The local community is also stepping up, with the upcoming Guns & Hoses game, for example. Numerous businesses have donated

raffle prizes,

ranging from electronics to a three-day trip.

“You name the restaurant in town … every one of them has donated something,” Angermeier said, noting the wide array of gift card prizes. “On top of that, we have numerous donations from people in town and outside of town.”

Organizers hope to top last year’s benefit, which raised approximately $9,000 for an 8-year-old East Brunswick girl with Ewing’s sarcoma. The year before, the event brought in $6,000 for an 8-year-old with a blood disorder.

Fred said the family has been touched by the kindness and support shown by people like Angermeier and East Brunswick Patrolman Sean Taulane, who are helping with the event. He noted that Angermeier calls or stops by about every other day.

“He’s above and beyond the call of duty,” Fred said. “Talking to him, or to anyone, is therapeutic for us and has been helpful for us to get through this. It goes a long way.”

The community as a whole, he said, has been “really special” as it seeks to help the family pay the bills and get by.

“There are more and more bills … They’re in the millions probably, just for Brett. So, we’re trying to [afford] just the basics, holding onto our house, buying food and stuff for our son and daughter,” Fred said. “We don’t want to move. It’s Brett’s house, it’s his domain. To put him anywhere else is not fair to him.”

To make a donation, contact officers Angermeier or Taulane at 732-390-6969, visit the PBA Web site at, or write a check to the Brett Fegel Fund and mail it to East Brunswick PBA Local 145, Attn: Guns & Hoses Game, P.O. Box 4, East Brunswick, NJ, 08816. Donations made to the family through the PBA are tax deductible.

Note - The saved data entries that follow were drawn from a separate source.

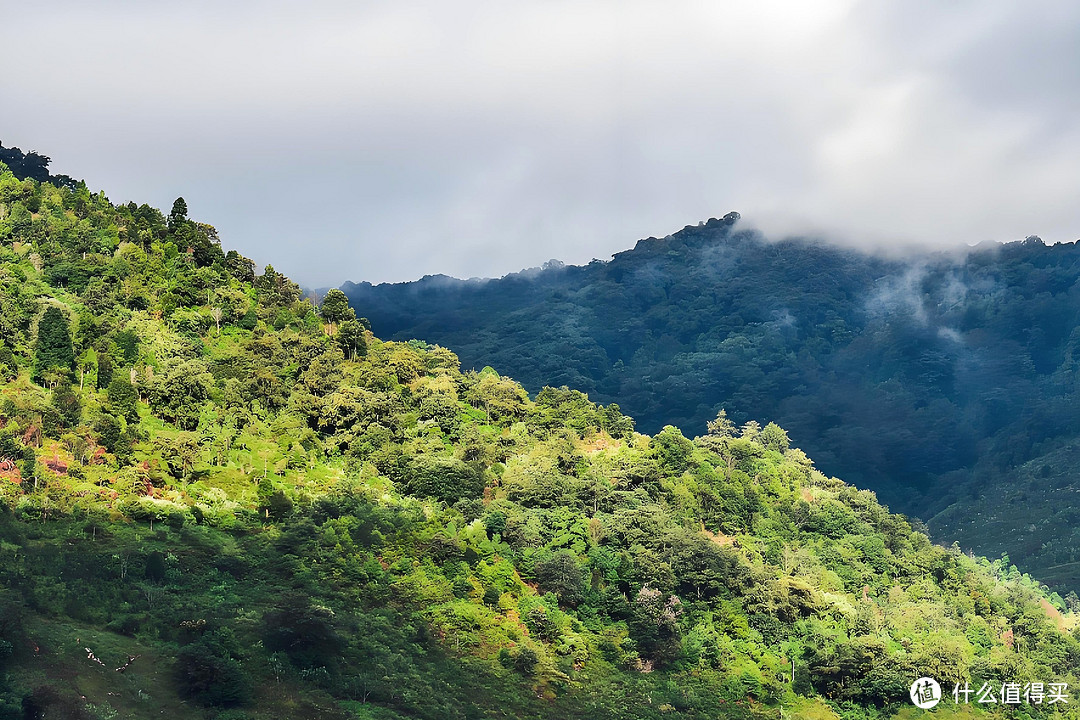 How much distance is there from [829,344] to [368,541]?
12654 centimetres

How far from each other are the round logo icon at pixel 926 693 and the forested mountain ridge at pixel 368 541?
24.5 inches

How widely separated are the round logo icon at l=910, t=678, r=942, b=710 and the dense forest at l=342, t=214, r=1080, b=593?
72.3 m

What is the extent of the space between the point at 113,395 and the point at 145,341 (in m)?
6.63

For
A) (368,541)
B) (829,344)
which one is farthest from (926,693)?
(829,344)

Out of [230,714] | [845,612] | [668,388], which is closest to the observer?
[230,714]

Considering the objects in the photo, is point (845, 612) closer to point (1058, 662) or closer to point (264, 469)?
point (1058, 662)

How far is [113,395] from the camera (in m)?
50.0

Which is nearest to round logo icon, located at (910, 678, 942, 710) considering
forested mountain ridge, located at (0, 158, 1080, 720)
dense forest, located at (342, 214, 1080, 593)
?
forested mountain ridge, located at (0, 158, 1080, 720)

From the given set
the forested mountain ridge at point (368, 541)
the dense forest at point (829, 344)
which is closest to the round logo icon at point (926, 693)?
the forested mountain ridge at point (368, 541)

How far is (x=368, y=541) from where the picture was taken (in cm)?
4809

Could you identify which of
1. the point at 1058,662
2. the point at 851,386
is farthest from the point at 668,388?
the point at 1058,662

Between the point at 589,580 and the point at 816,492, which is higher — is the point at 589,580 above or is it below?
below

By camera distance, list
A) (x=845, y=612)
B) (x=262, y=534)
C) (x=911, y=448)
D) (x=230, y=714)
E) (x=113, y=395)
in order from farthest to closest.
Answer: (x=911, y=448), (x=845, y=612), (x=113, y=395), (x=262, y=534), (x=230, y=714)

While the public is urged to donate money and buy raffle tickets, it is also invited to enjoy the game itself, for which there is no admission charge. The game offers a chance for the township’s emergency service personnel to get together and have fun for a good cause. The police have traditionally won big over the firefighters and Rescue Squad members, and Angermeier noted that he offered to mix up the teams this year, but the fire department would not have it.

So, if history is any indication, the game will fall in favor of the blue, but the outcome is not what matters to those who play, Angermeier said. The cause is the most important aspect.And the players always have a lot of laughs.

“There is always a lot of mocking back and forth, and there’s camaraderie between the police and firemen and the EMS,” he said. “We get along pretty well with each other. Everyone comes together and has a good time.”

The game will run from 6 to 9 p.m. June 20 at Baseball Manager’s Field, Dunhams Corner Road.